**Assigned task**:
Your reply should be a faithful copy of the records below, free of pictures.

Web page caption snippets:
-- -- --
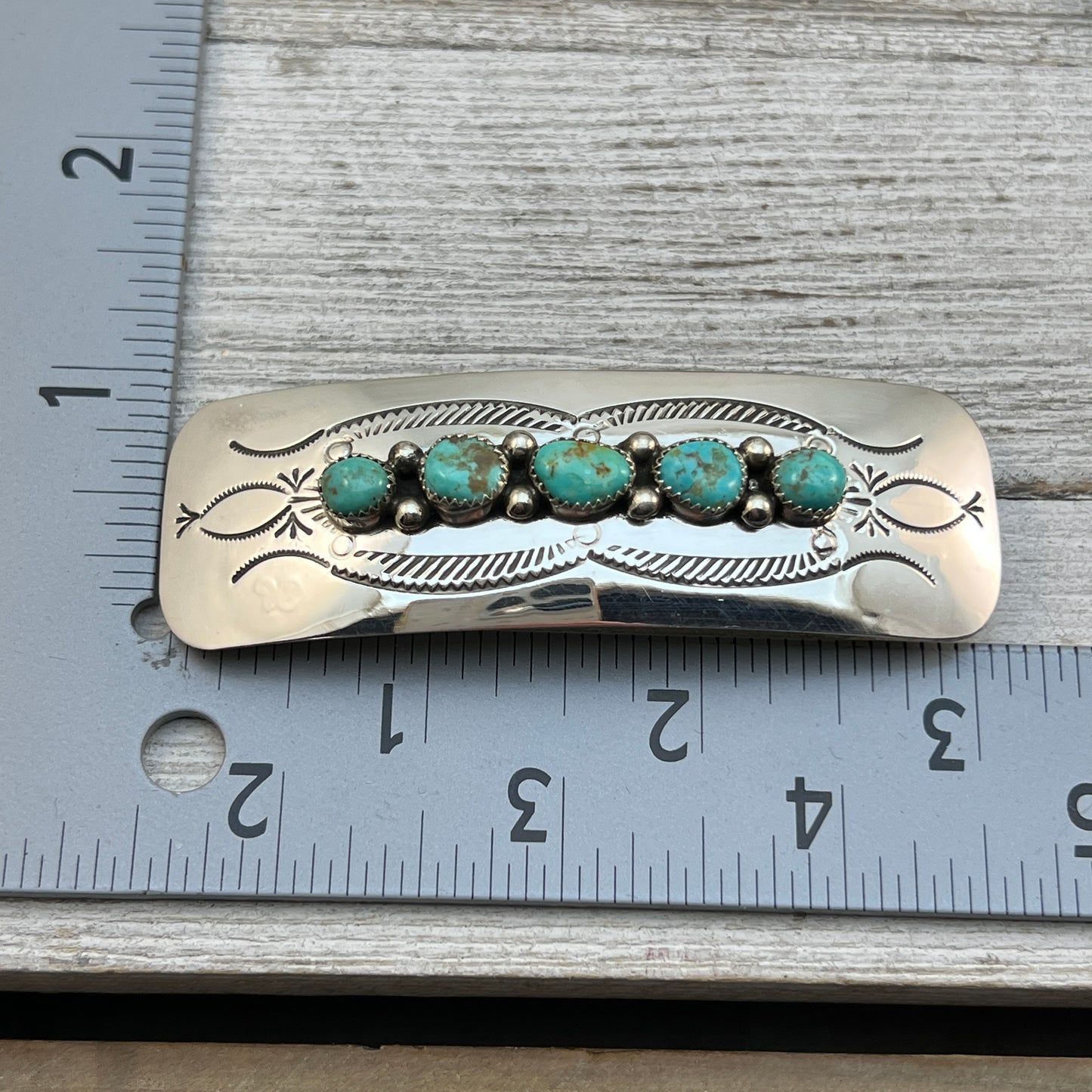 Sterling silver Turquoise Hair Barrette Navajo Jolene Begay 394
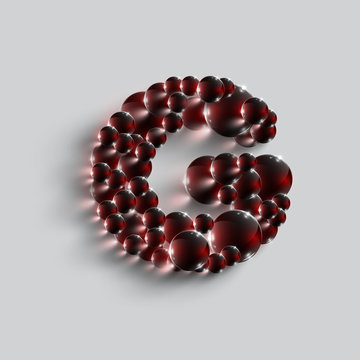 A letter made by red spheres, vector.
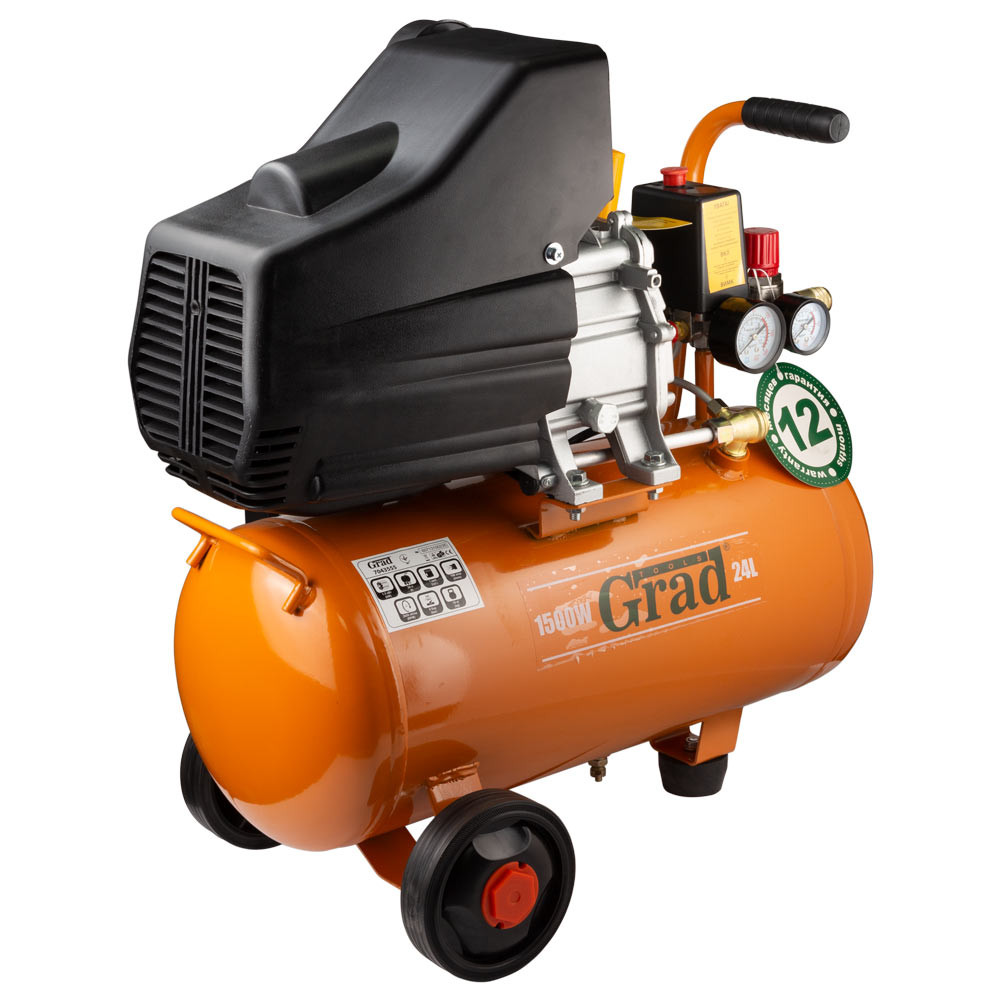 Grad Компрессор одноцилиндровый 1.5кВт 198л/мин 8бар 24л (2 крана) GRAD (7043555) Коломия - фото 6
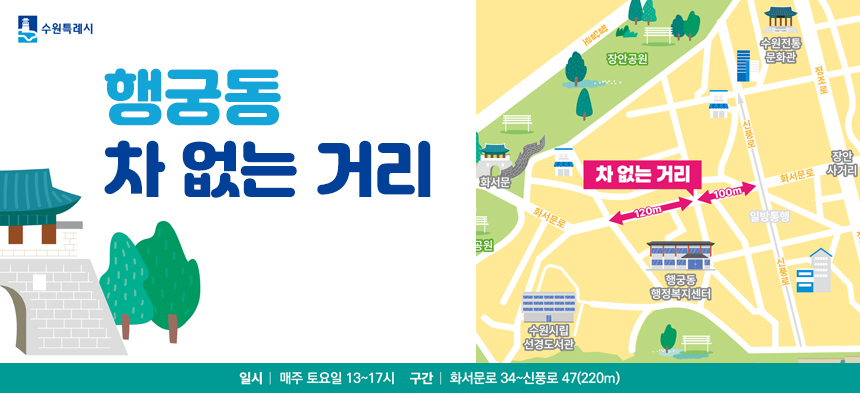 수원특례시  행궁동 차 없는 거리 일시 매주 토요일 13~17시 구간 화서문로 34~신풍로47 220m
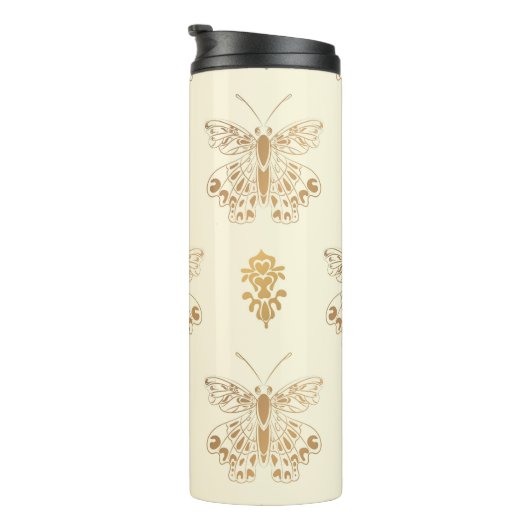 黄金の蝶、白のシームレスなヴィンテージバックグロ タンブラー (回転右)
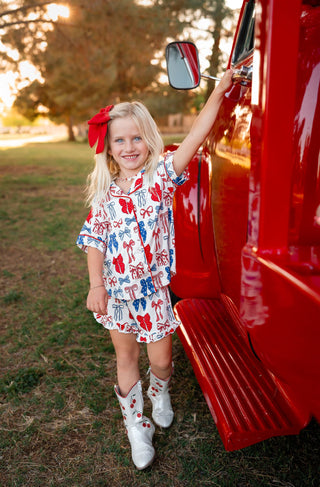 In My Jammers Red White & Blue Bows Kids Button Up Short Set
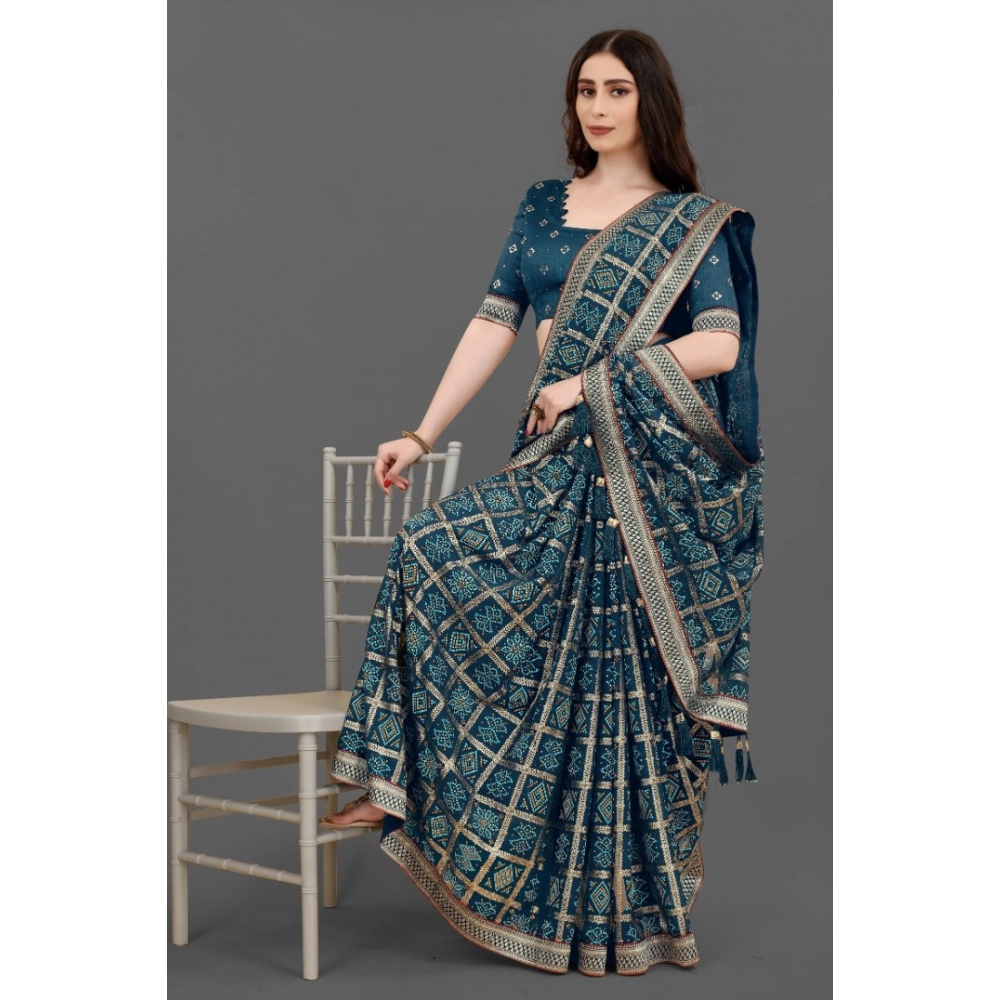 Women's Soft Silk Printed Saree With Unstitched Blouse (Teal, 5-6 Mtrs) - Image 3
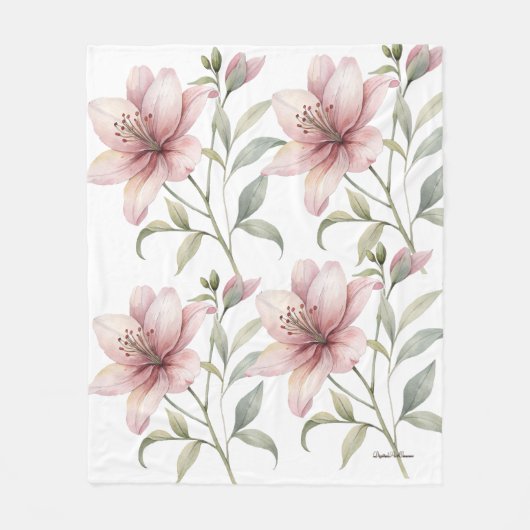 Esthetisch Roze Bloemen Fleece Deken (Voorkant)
-- -- --
**Solution to this exercise**:
 Sterling silver Turquoise Hair Barrette Navajo Jolene Begay 394
 A letter made by red spheres, vector.
 Grad Компрессор одноцилиндровый 1.5кВт 198л/мин 8бар 24л (2 крана) GRAD (7043555) Коломия - фото 6
 수원특례시  행궁동 차 없는 거리 일시 매주 토요일 13~17시 구간 화서문로 34~신풍로47 220m
 黄金の蝶、白のシームレスなヴィンテージバックグロ タンブラー (回転右)
 In My Jammers Red White & Blue Bows Kids Button Up Short Set
 Women's Soft Silk Printed Saree With Unstitched Blouse (Teal, 5-6 Mtrs) - Image 3
 Esthetisch Roze Bloemen Fleece Deken (Voorkant)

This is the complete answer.